Working with Dropbox Files from Drafts on iOS06 Jul 2016
Like many who blog I keep a list of topic ideas which I plan to blog about at some point. When I get some time to write I pick a topic that I like the look of and get some words thrashed out. I was surprised when I saw something in last week’s MacStories members’ newsletter that directly related to something rather niche I had on my list.
As I expect you’ve already guessed, this post is about that particular topic. It’s about getting text to and from the iOS app Drafts from Dropbox.
Dropbox & Drafts
Most denizens of the Internet have heard of Dropbox . The ubiquitous cloud storage platform that made a name for itself early on by providing a service that worked well. Something which really couldn’t be said of its competitors. It also solidified itself on Apple’s iOS platform by being the one storage service that practically every stop supported.
Drafts is an iOS app that is used for capturing and processing text. It’s very much designed around you being able to quickly enter text and then doing one or more things with it afterwards through some level of automated action such as sending it to someone, sorting it, saving it to a file or note, etc. It is a sublimely simple and delightfully powerful application that has all manner of use for both the typical and power user alike.
Where D’s Collide
Drafts uses ‘actions’ to carry out it’s text processing activities and as you might expect it is pretty simple to create something that will save some text to a file in a specified location in your Dropbox storage. However Drafts isn’t designed to be your familiar text editor. It’s designed to serve a different purpose focused on data capture. So opening Dropbox files and saving them back isn’t exactly it’s fort?.

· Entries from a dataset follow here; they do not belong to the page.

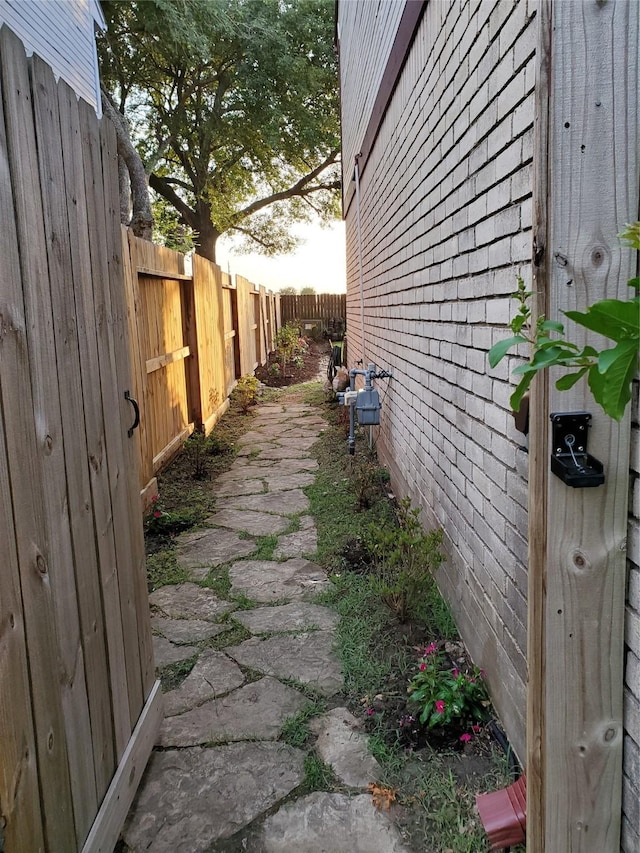 view of home's exterior with brick siding and fence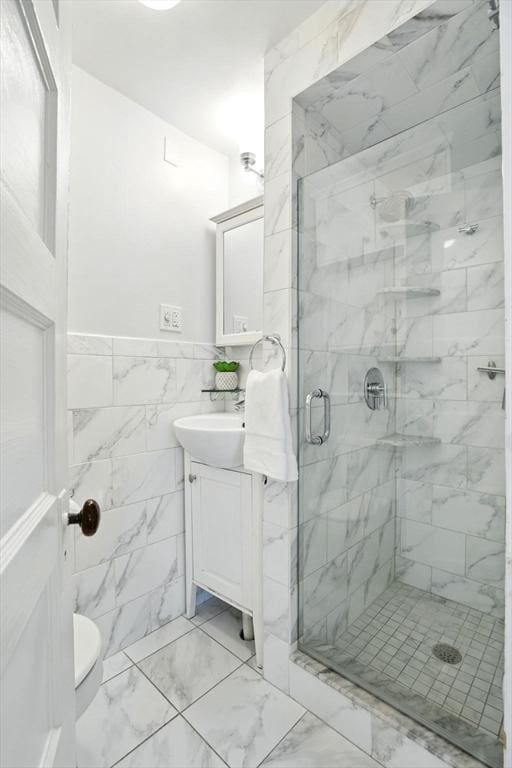 full bath featuring a stall shower, vanity, marble finish flooring, tile walls, and wainscoting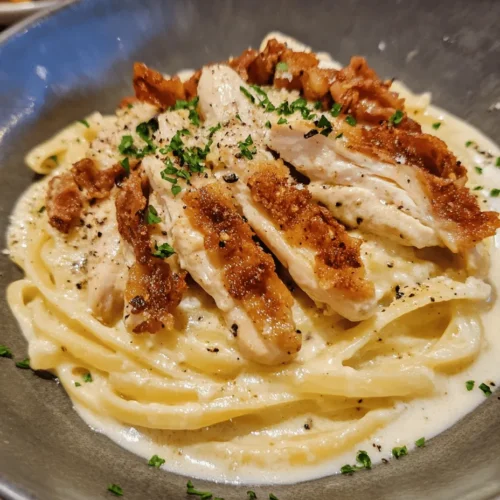Chicken Carbonara is a delightful twist on the classic Italian dish that has captured the hearts and taste buds of food lovers around the world. Traditionally made with guanciale, Pecorino Romano cheese, and a silky egg sauce, Carbonara is known for its rich, creamy texture and robust flavors. This recipe takes a beloved comfort food and elevates it by incorporating tender chicken, making it a hearty and satisfying meal perfect for busy weeknights or cozy gatherings.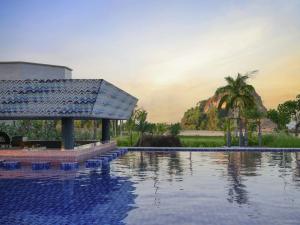 a pool at a resort with a mountain in the background at Pullman Lombok Merujani Mandalika Beach Resort in Kuta Lombok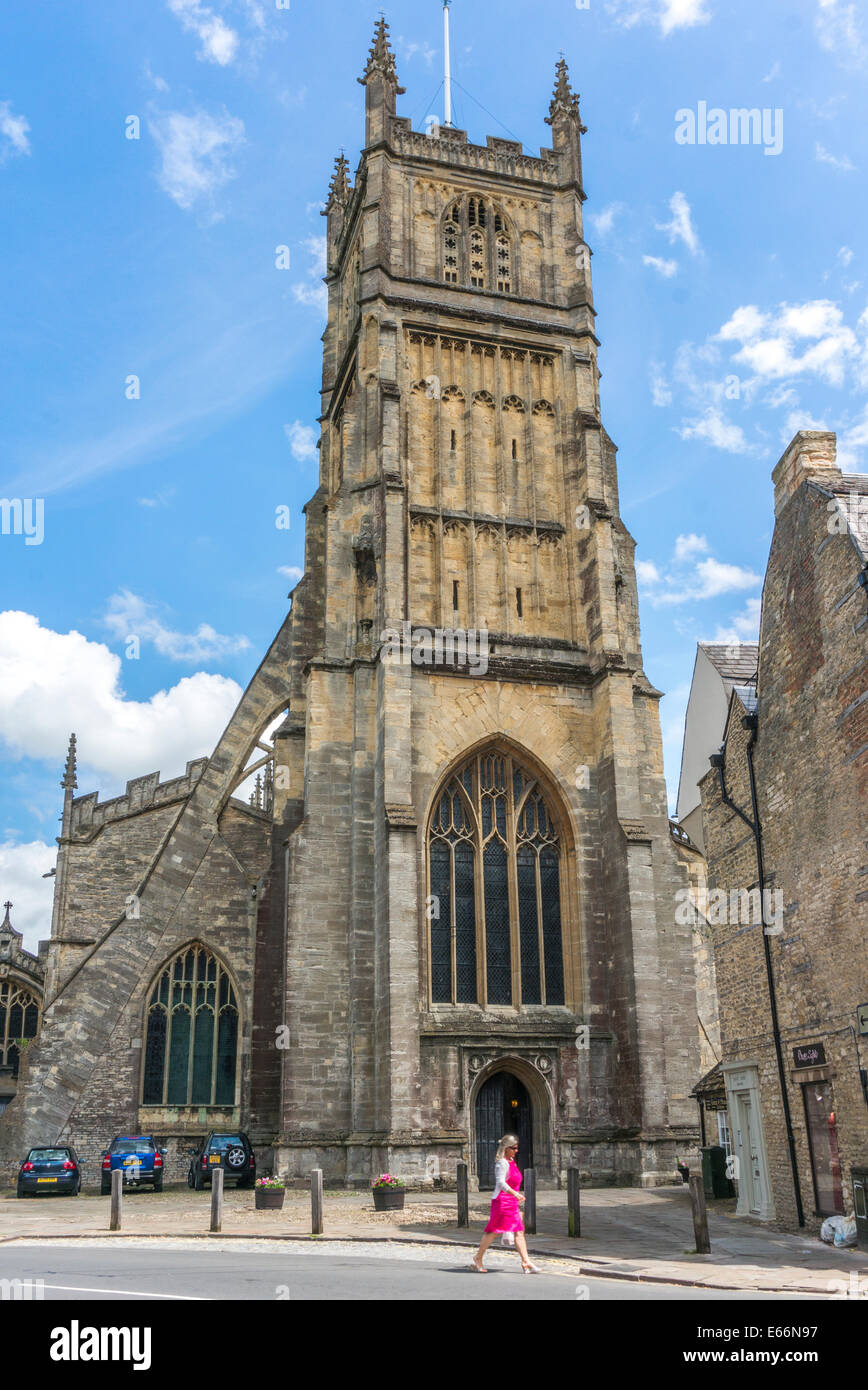 Woman in a pink dress walking past the landmark Church of St John Baptist, Cirencester town centre, Cotswolds, Gloucestershire, England, UK. Stock Photo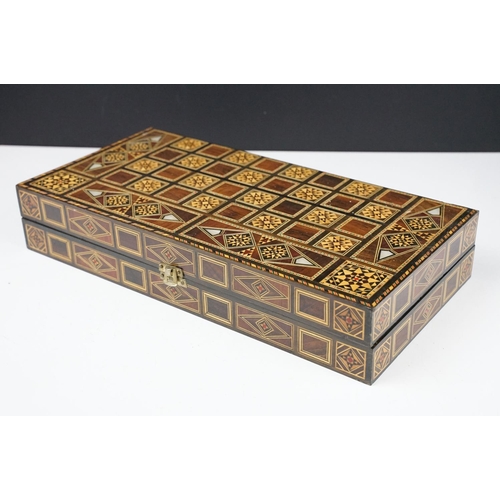 134 - Parquetry inlaid wooden games box, with internal backgammon board and external chess / draughts boar... 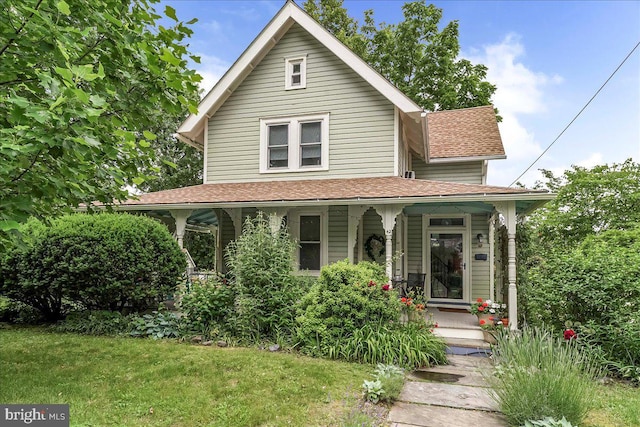 42 Linden Ave, Rutledge, PA 19070 - view of front of home with covered porch, a shingled roof, and a front lawn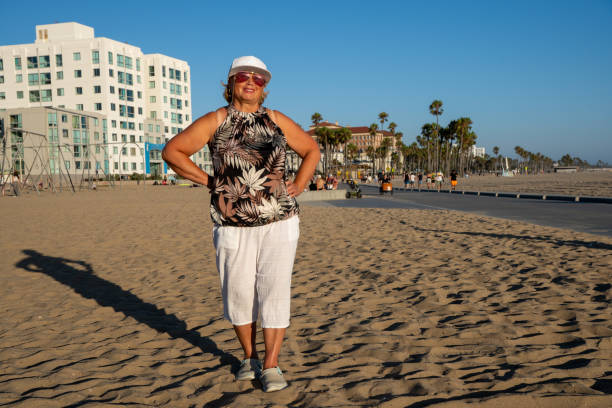 starsza kobieta w okularach przeciwsłonecznych ciesz się spacerem po plaży w los angeles - party beach indian ethnicity adult zdjęcia i obrazy z banku zdjęć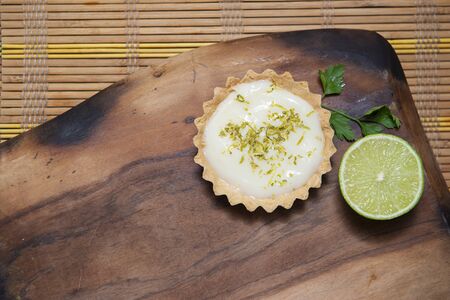 Top view of Tartlet with lemon cream and citrus chips on the old wooden table, Copy space. Selective focus.の写真素材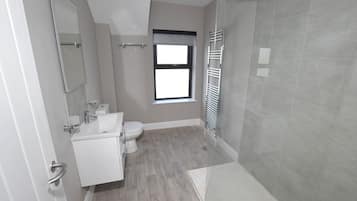 A modern bathroom with a shower, toilet, and sink.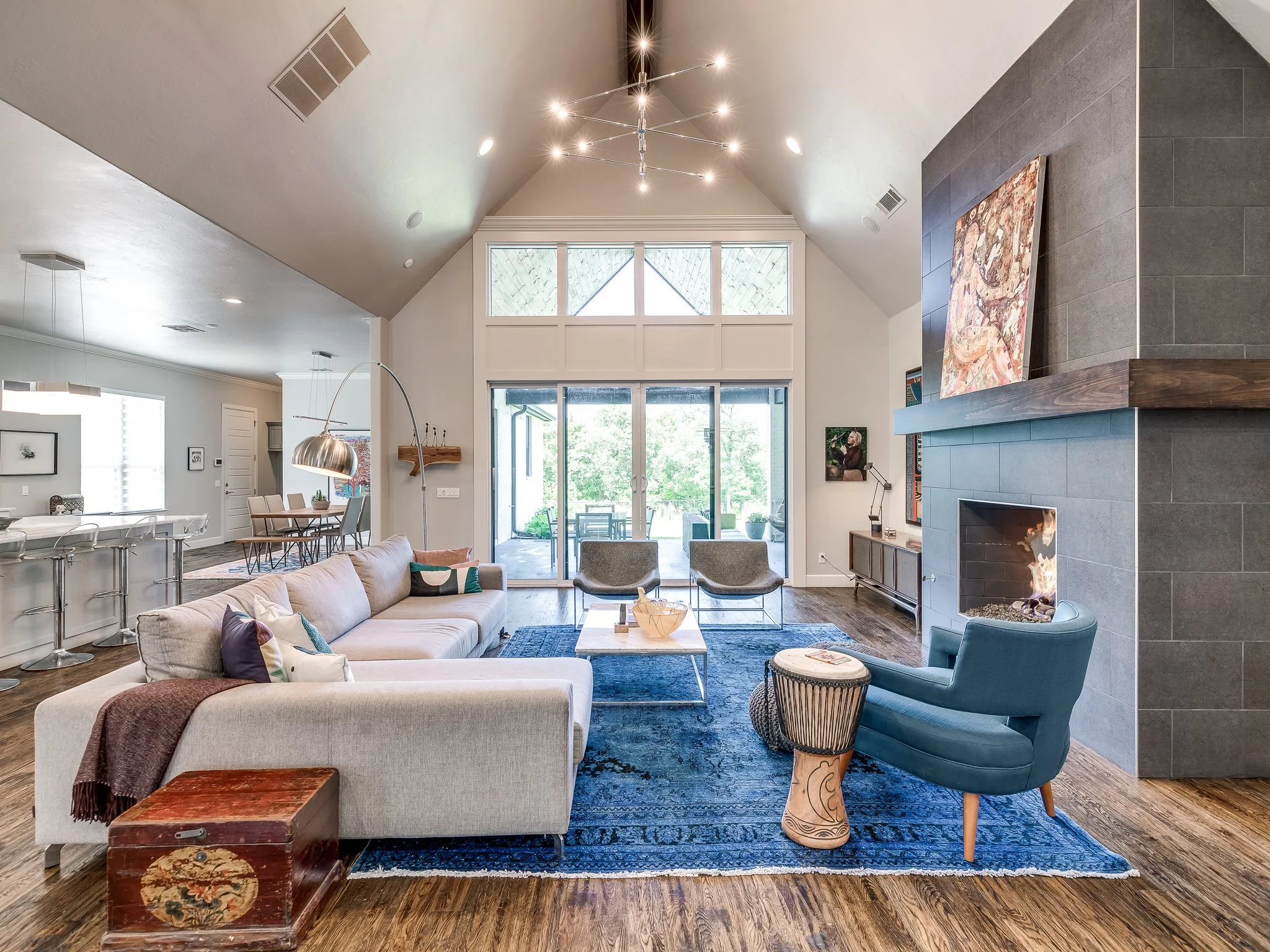Living room with high vaulted ceiling, modern chandelier, large window with sliding glass doors leading to outdoor patio, fireplace with gray tiles, blue armchair, beige sofa, wooden chest, and decorative rugs.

In the MacStories members newsletter #39 I saw a request to do exactly this sort of thing…
“Is there a way to open a text file from Dropbox in Drafts, edit it and save changes to Dropbox in the exact same file? (Rafal Sobolewski, @Sobolowy)”
The solution authored by the ever primed Federico Viticci was based around using the iOS app Workflow to manage the import and export process and to store the file name in the first line of the draft the file content is imported into. I found this particularly noteworthy as I had done exactly this when I had first looked at using Drafts to edit some files in Dropbox at the start of the year. I also came to the same conclusion … you can get a lot of the way there, but you can’t find the folder location where the file was being picked from.
This was actually the point where I’d left Workflow and gone back to look at Drafts in more detail. Workflow is a hugely capable tool … but so is Drafts.
Drafts - Draftier than you think…
After a bit of reading and experimentation I found a way to get text into Drafts from Dropbox and back out again just by using Drafts alone … and here’s how I did it.
Open the Drafts app on your iOS device (I’m using my iPhone here) and press on the “+” icon at the top of the screen. Keep pressing the icon until a menu appears. Normally you would just tap on this to create a new blank draft, but when you press nd hold you get more options.
Select Dropbox from the list of the entries shown in the menu.
Navigate to the folder in Dropbox you want to get your text file from. Drafts will allow you to open various types of text based files (not just TXT), but you may need to review your file extension if the file name is dimmed as these can’t be selected by Drafts.
Once you’ve found the right folder and file, tap on the file name to load the content into Drafts.
With the content loaded in you are able to edit and process the text as you see fit.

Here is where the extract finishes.